The Wheel Strategy: How It Works with Examples
The wheel strategy is one of the most popular options income strategies among retail traders. It combines two familiar techniques — selling cash-secured puts and selling covered calls — into a repeating cycle that generates premium income at every phase. When executed on quality stocks you’re willing to own long-term, the wheel strategy options approach produces returns through premiums collected at each stage plus potential capital gains when shares are called away. This guide covers how the wheel works, a full worked example, how to structure and manage the cycle, and the most common mistakes to avoid.
What Is the Wheel Strategy in Options Trading?
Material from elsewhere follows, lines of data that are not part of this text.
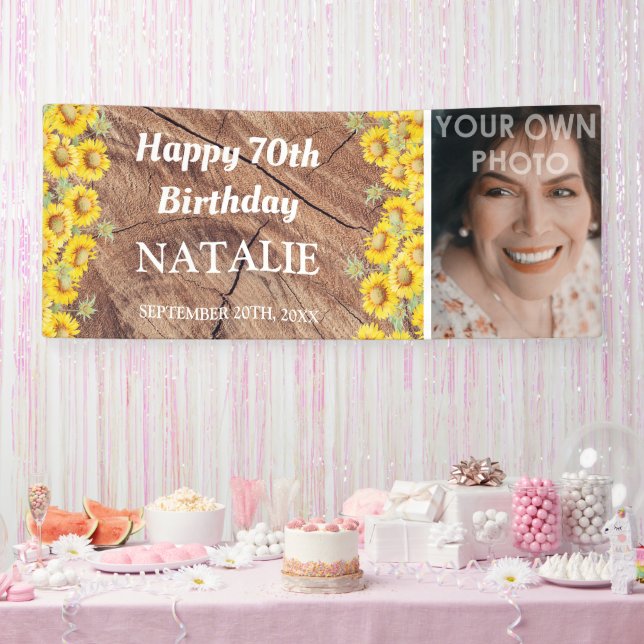 Rustic Sunflowers & Wood Texture Birthday Banner (Party)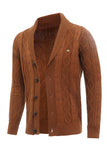 Marrone Cable Knitted maniche lunghe maglione cardigan uomo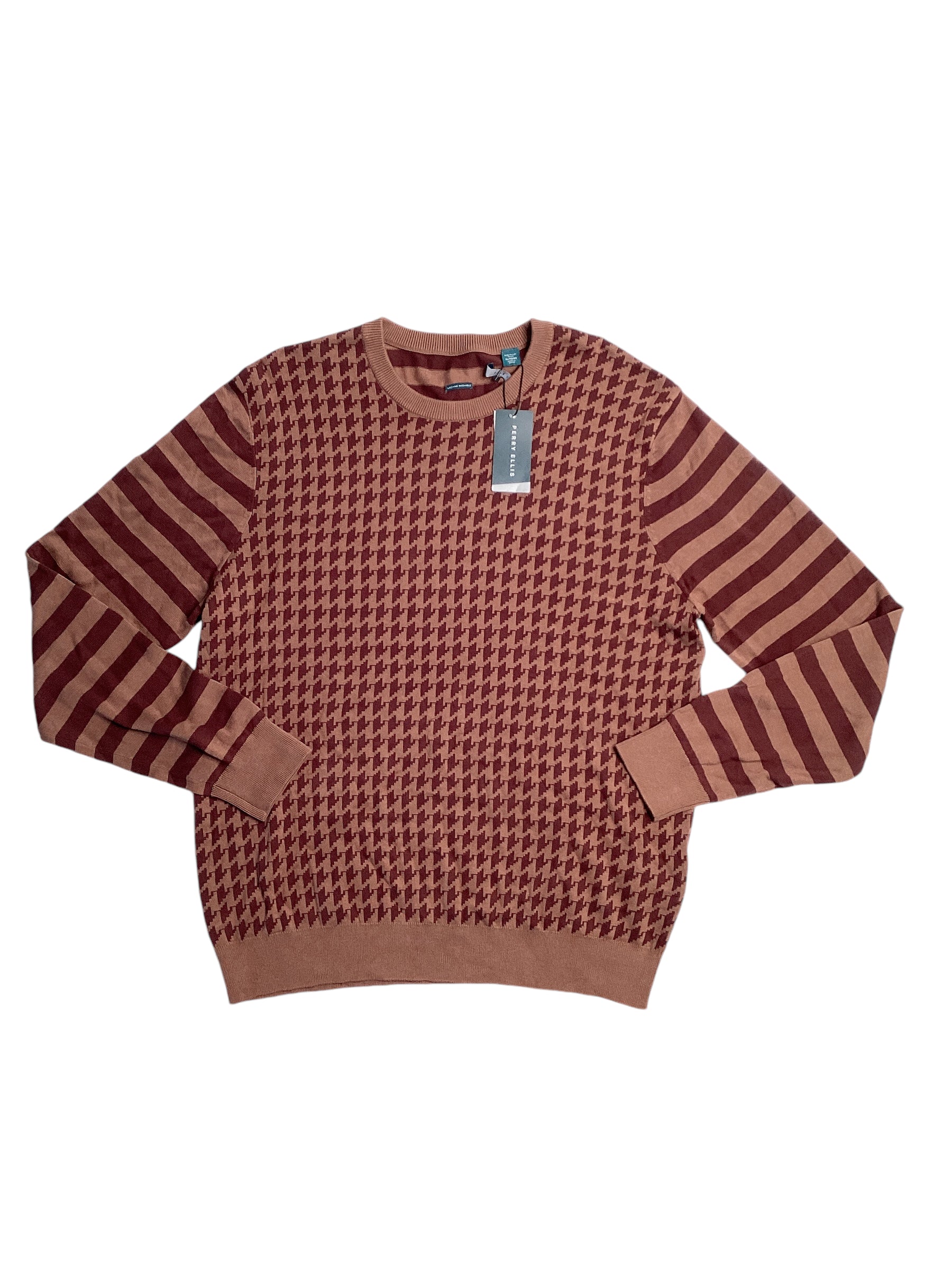 Perry Ellis Mens Mixed Pattern Crewneck Sweater Bitter Chocolate Brown 2XL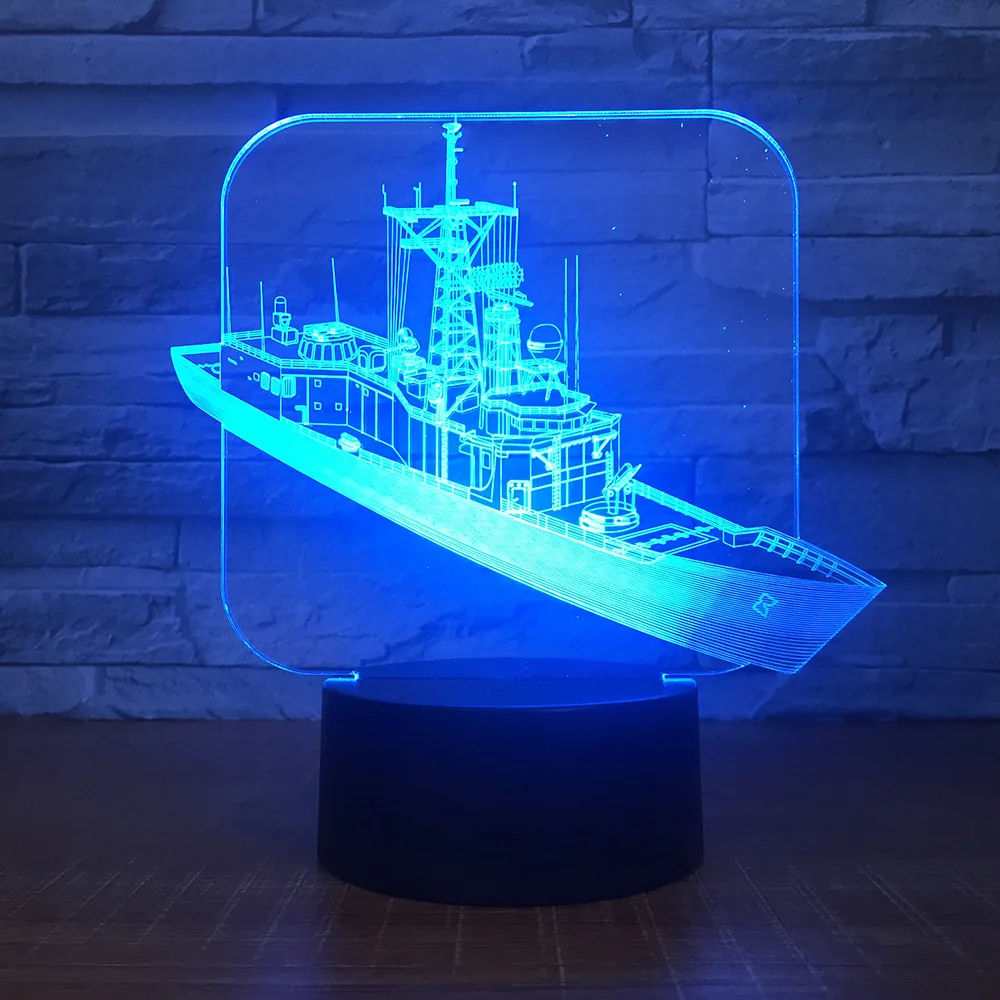 

Destroy Ship 3D LED Night Light Acrylic Bulbing Optical Illusion Table Lamp Lumineuse Baby Sleeping Lighting Room Home Decor
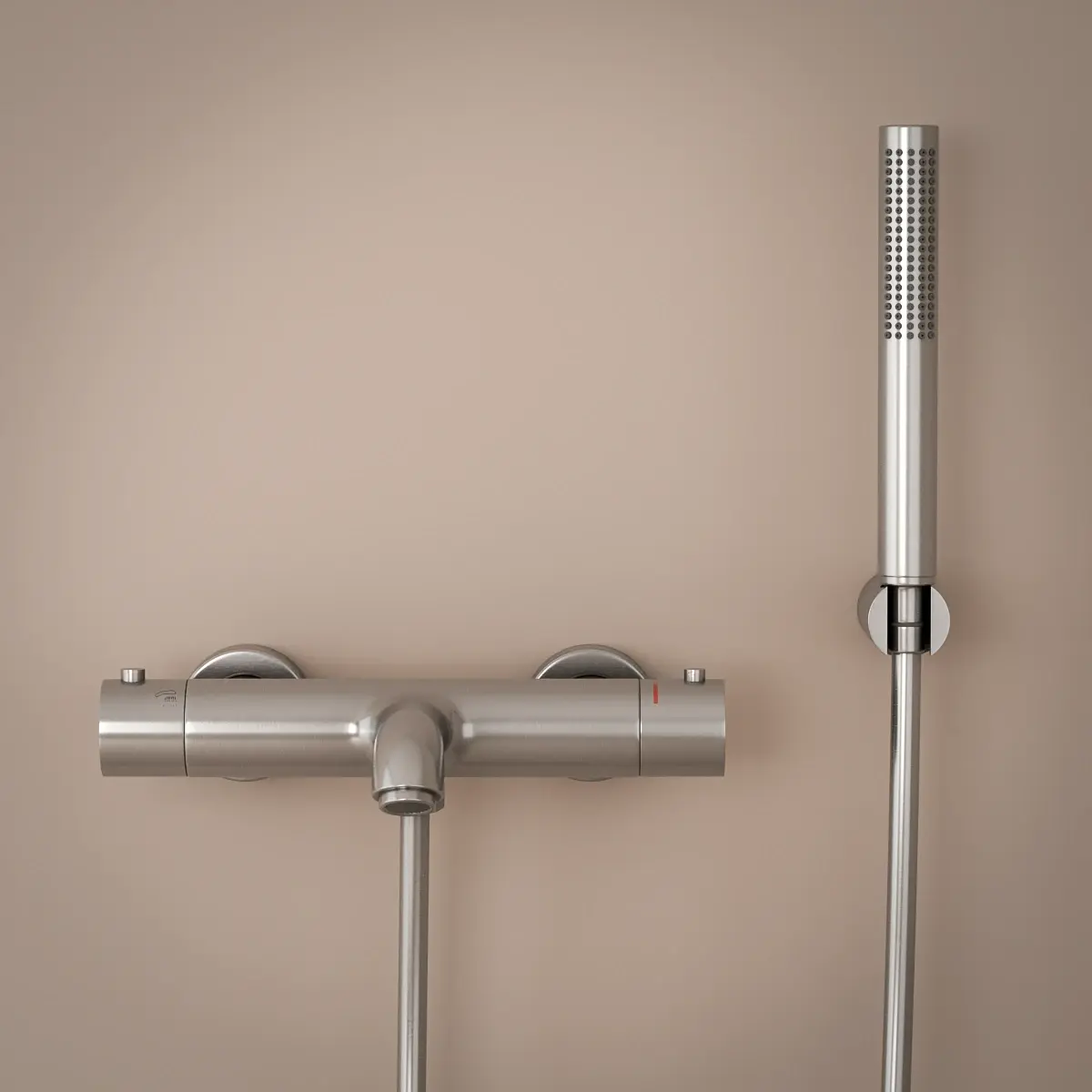 Mitigeur thermostatique bain-douche, inox brossé, Châtelet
The wheel strategy is a three-phase income cycle: Phase 1 — sell a cash-secured put and collect premium. Phase 2 — if assigned, sell covered calls on the shares and collect more premium. Phase 3 — if called away, pocket the capital gain and restart at Phase 1. Each phase generates income, and the cycle repeats as long as you choose to continue.
The wheel is a rules-based framework, not a single trade. It chains together two well-known strategies into a continuous loop. The cash-secured put phase lets you earn premium while waiting to buy a stock at a price you’ve chosen. The covered call phase lets you earn premium while holding the shares and defining an exit price. When the shares are called away, you’re back to cash and ready to start again.
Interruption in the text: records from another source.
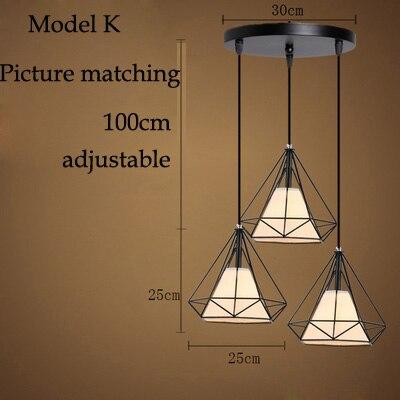 Retro Nordic restaurant chandelier wrought iron personality industrial style creative chandelier lighting living room chandelier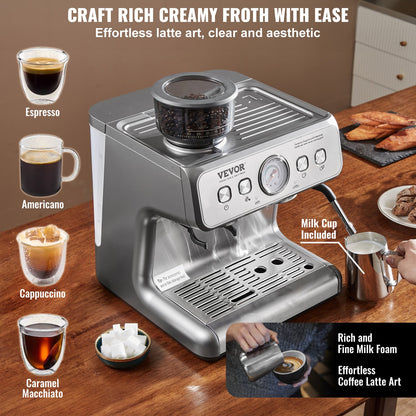 Espressomaschine mit Mahlwerk 15 bar halbautomatischer Espressokocher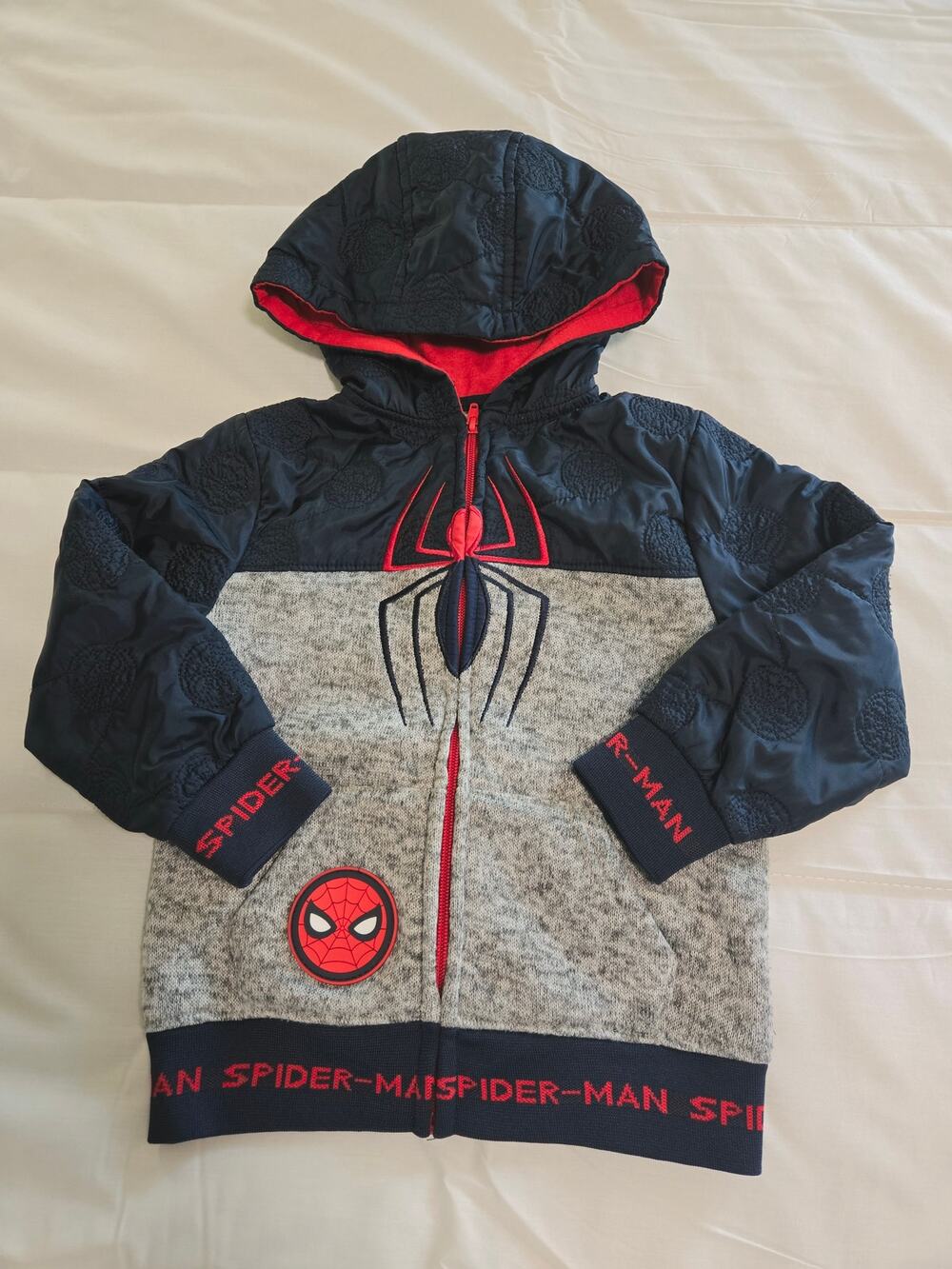 Spiderman Full Zip Hooded Jacket Boys Size 5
This article focuses on the workflow, sequencing, and total-return analysis of the wheel. For the mechanics of each component strategy — payoff diagrams, breakeven formulas, and individual management — see our dedicated guides on cash-secured puts and covered calls.
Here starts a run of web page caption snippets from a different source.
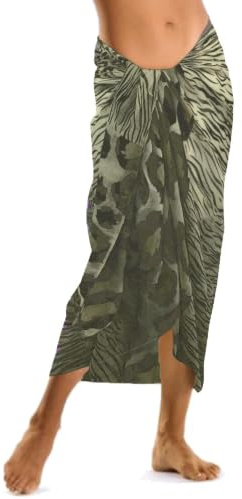 Ladies Girls Animal Print Sarong Skirt Beach Cover up Scarf Wrap-KHAKI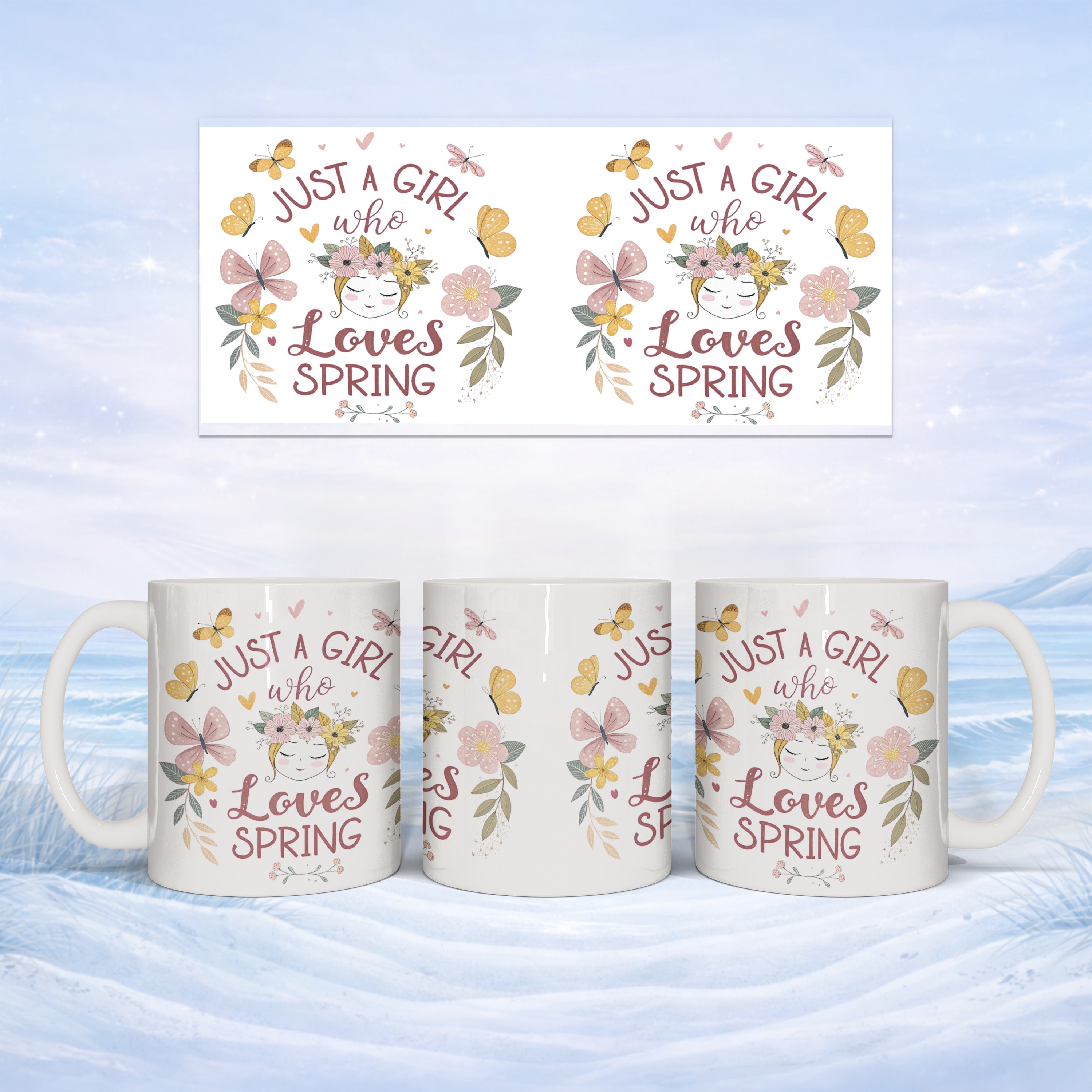 White mug with "Just a Girl Who Loves Spring" design and butterflies.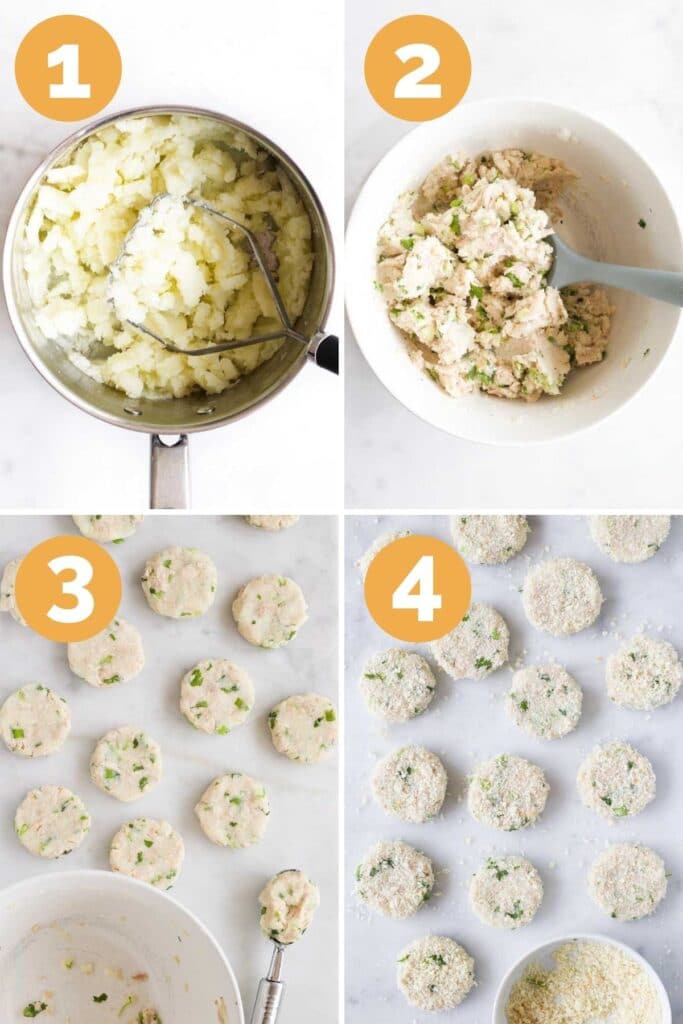 Collage of 4 Images Showing the Process Steps for Making Fish Cakes. 1)Potatoes Mashed 2)Ingredients Mixed in Bowl 3) Fish Cakes Formed into Rounds 4) Fish cakes Coated in Breadcrumbs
How the Wheel Strategy Works
Three Possible Outcomes
At any point in the cycle, one of three outcomes occurs:
- Put expires worthless — you keep the premium, your cash is freed, and you sell another cash-secured put. You stay in Phase 1.
- Assigned on the put, call expires worthless — you own the shares, keep the call premium, and sell another covered call. You stay in Phase 2.
- Assigned on the put, then called away on the call — you keep both premiums plus any capital gain on the shares. You restart at Phase 1.
Step-by-Step Lifecycle
- Select a stock you’d be happy to own long-term — this is the most important decision in the entire strategy
- Sell a cash-secured put — choose an OTM or slightly OTM strike, typically 30-45 days to expiration (DTE), and set aside cash equal to the strike price × 100 shares
- If the put expires worthless — collect the premium, then sell another cash-secured put (repeat Phase 1)
- If assigned — you now own 100 shares at the strike price. Your adjusted cost basis is the strike price minus the put premium received
- Sell a covered call — choose a strike at or above your adjusted cost basis, typically 30-45 DTE
- If the call expires worthless — collect the premium (which further lowers your cost basis), then sell another covered call (repeat Phase 2)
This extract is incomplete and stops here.